Comprendras-tu cela ? Je ne crois pas que ce soit clair. C’est une chose étrange avec toi combien j’écris mal ; je n’y mets pas de vanité littéraire, mais c’est ainsi. Tout se heurte dans mes lettres ; c’est comme si je voulais dire trois mots à la fois.
J’ai assez ri du désappointement de Phidias pour sa décommande. Il devait avoir une figure grotesque. Il faut convenir que les hommes sont drôles. Le souci financier surtout est très curieux à observer. À sa place, il est probable que j’aurais été encore plus vexé. Une fois qu’on a chaussé une idée, il est toujours pénible de s’en défaire. C’est pour cela qu’il vaut mieux peut-être s’habituer à aller pieds nus.
Je ne pourrai donc pas aller à Paris avant le retour de l’Officiel. J’en enrage ! Mais tu vois toutes les raisons, pauvre amour ! Il eût été si bon de passer encore une journée dans le genre de celle de Mantes !

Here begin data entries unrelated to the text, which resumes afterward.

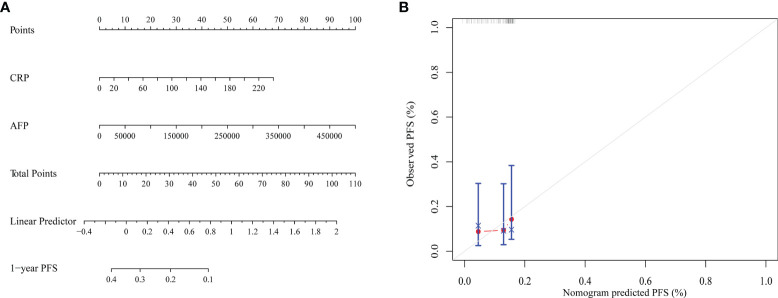 Figure 5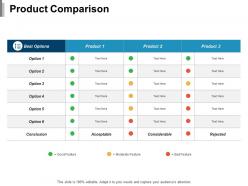 Product comparison ppt pictures background images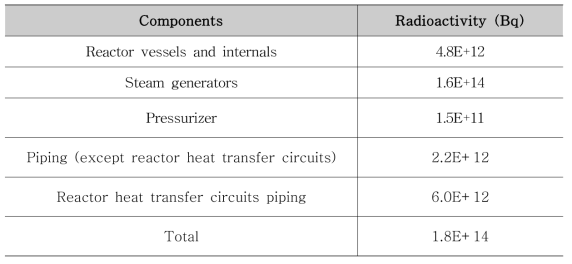PWR 원자로 내부 부품에 침적된 방사능 양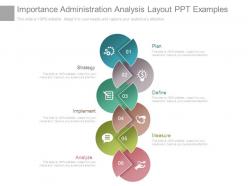 Importance administration analysis layout ppt examples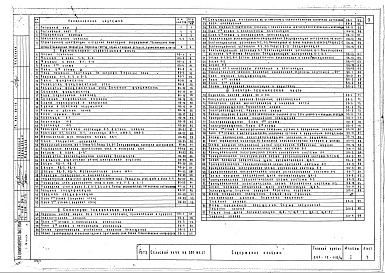 Состав фльбома. Типовой проект 264-12-118/76Альбом 1 Архитектурно-строительная, сантехническая, электротехническая и кинотехнологическая части 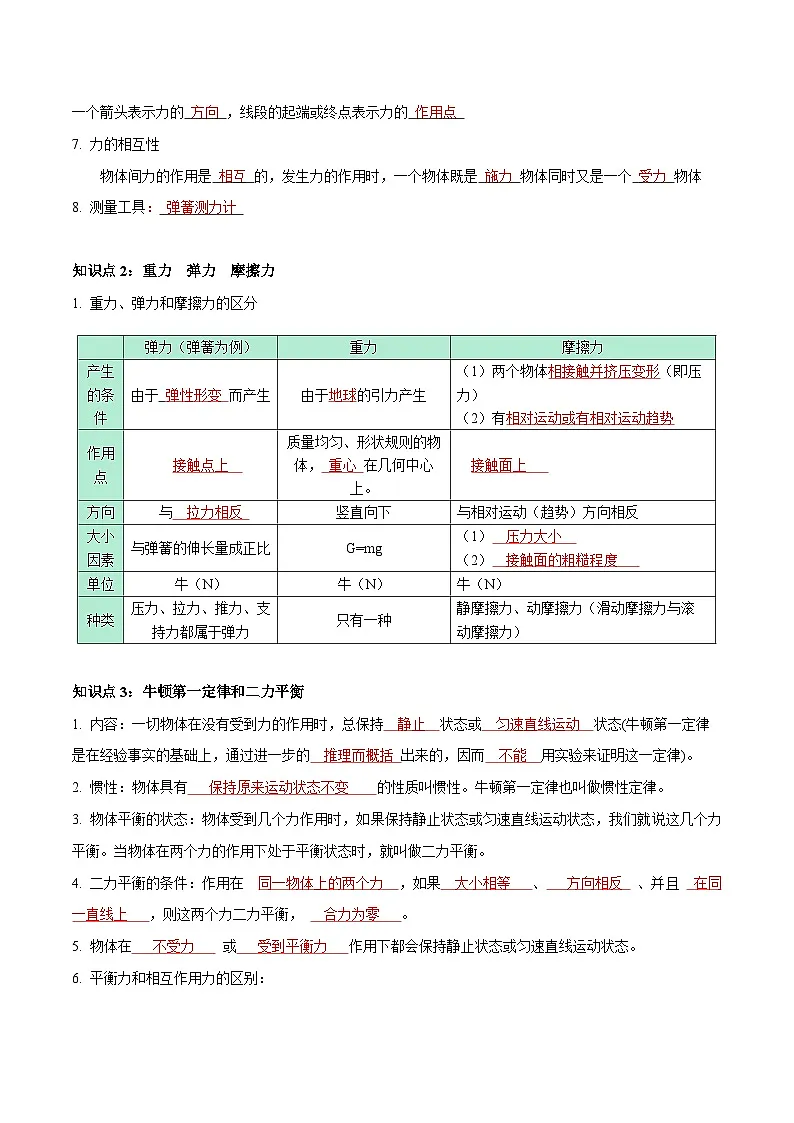 专题15 力学大单元复习(力学必考知识归纳)第2页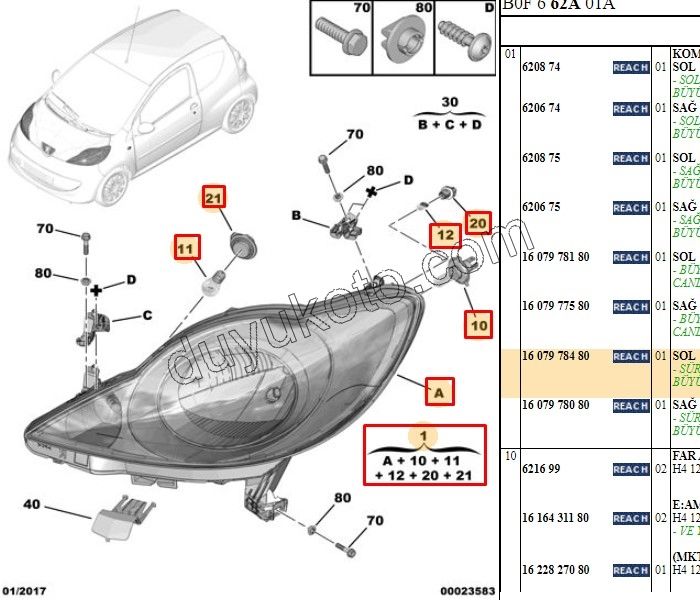 Peugeot 107 Citroen C1 Far Sol 2012/2014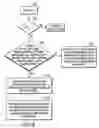 Fig. 07 - Using geographical location information to provision multiple target storages for a source device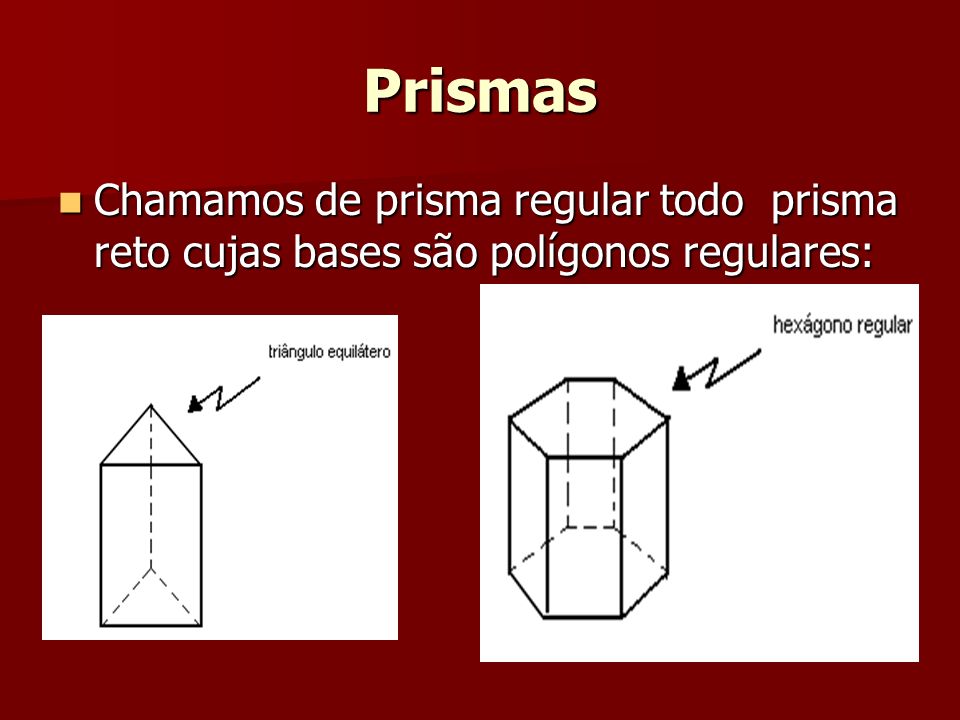 Prismas Chamamos de prisma regular todo prisma reto cujas bases são polígonos regulares: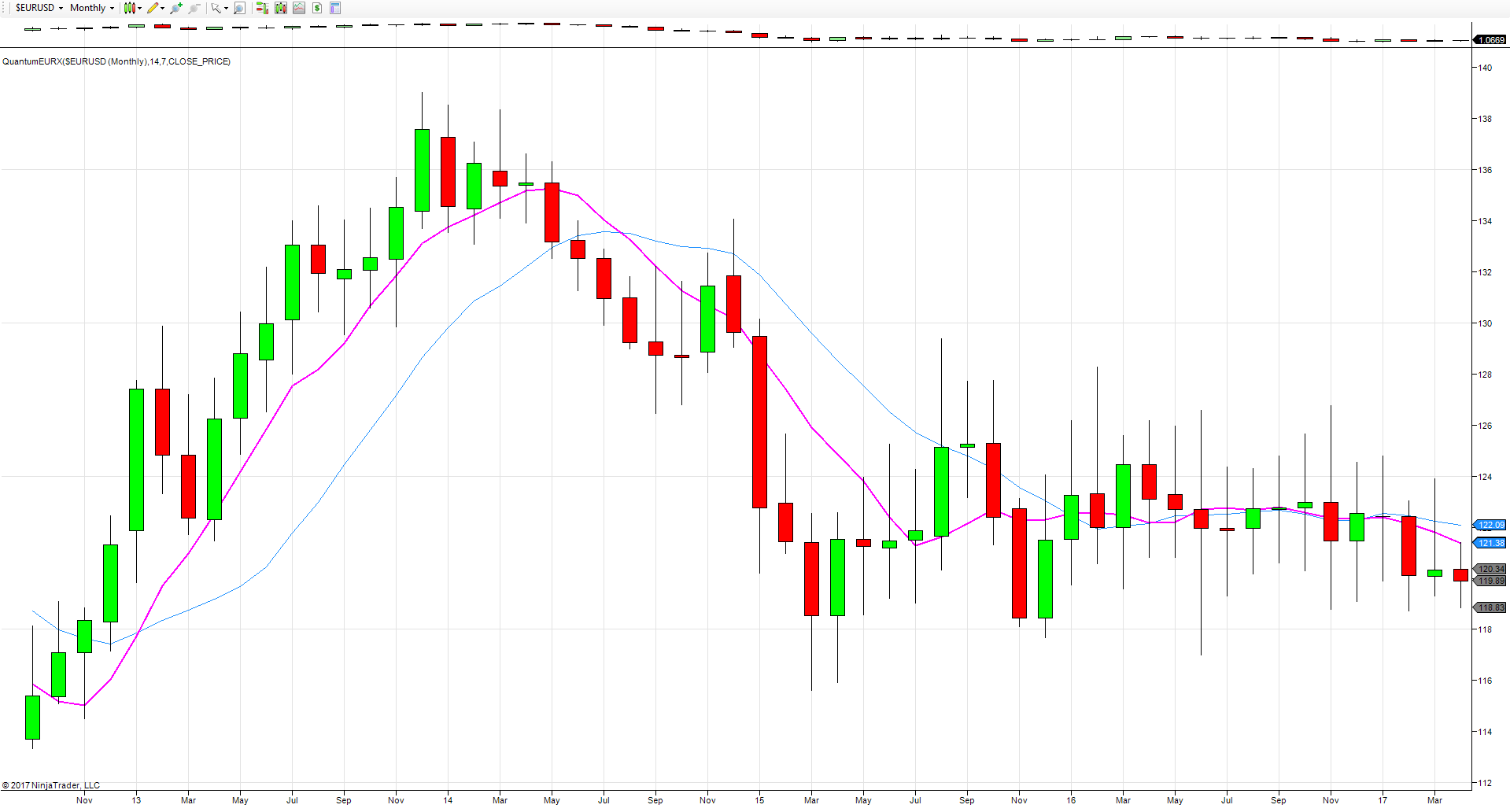 EURUSD Daily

Mais est-ce que tu es tellement tenue, lorsqu’il est là, qu’il te sera difficile de nous voir ? Tu auras mille prétextes pour sortir ! Tu ne croirais pas une chose, c’est que j’ai une grande envie de le voir, cet homme. Non pas que j’en sois jaloux, mais je suis jaloux de sa place. Il aurait pu te rendre heureuse ; moi je ne le pourrai jamais. Il faut que ce soit une bien misérable nature pour ne l’avoir pas fait. Il me semble que si j’avais été ton mari, nous eussions fait bon ménage. Après ça, il est probable que nous nous serions détestés ; c’est ordinaire. L’union légitime, qui est l’antilégitime, celle qui est hors nature et contre le cœur, suffit par sa légitimité même pour chasser l’amour.
C’est en t’écrivant que j’étrenne ce fauteuil sur lequel je suis destiné, si je vis, à passer de longues années. Qu’y écrirai-je ? Dieu le sait ; sera-ce du bon ou du mauvais, du tendre ou de l’érotique, du triste ou du gai ? De tout cela un peu, probablement, et rien en somme. N’importe ! Que cette inauguration bénisse tous mes travaux futurs ! Voilà l’hiver, la pluie tombe, mon feu brûle, voilà la saison des longues heures renfermées. Vont venir les soirées silencieuses passées à la lueur de la lampe, à regarder le bois brûler et à entendre le vent souffler. Adieu les larges clairs de lune sur les gazons verts et les nuits bleues toutes mouchetées d’étoiles.
Adieu ma toute chérie ; je t’embrasse de toute mon âme.
J’ai appris hier le mariage de mon ami Cloquet. Il épouse une jeune Anglaise qui a plusieurs « H » à son nom. J’en ai eu pitié, de cette pauvre fille, quoique je ne la connaisse pas. Il y avait autrefois en médecine un remède que l’on employait pour les rois en décrépitude : ils prenaient des bains de sang d’enfant. Beaucoup d’hommes encore, pour se rajeunir, s’immolent quelque cœur vierge, afin de récréer leur vieillesse et de réchauffer leurs membres froids. Et on appelle ces gens là des âmes tendres, qui ne peuvent pas se passer d’affection.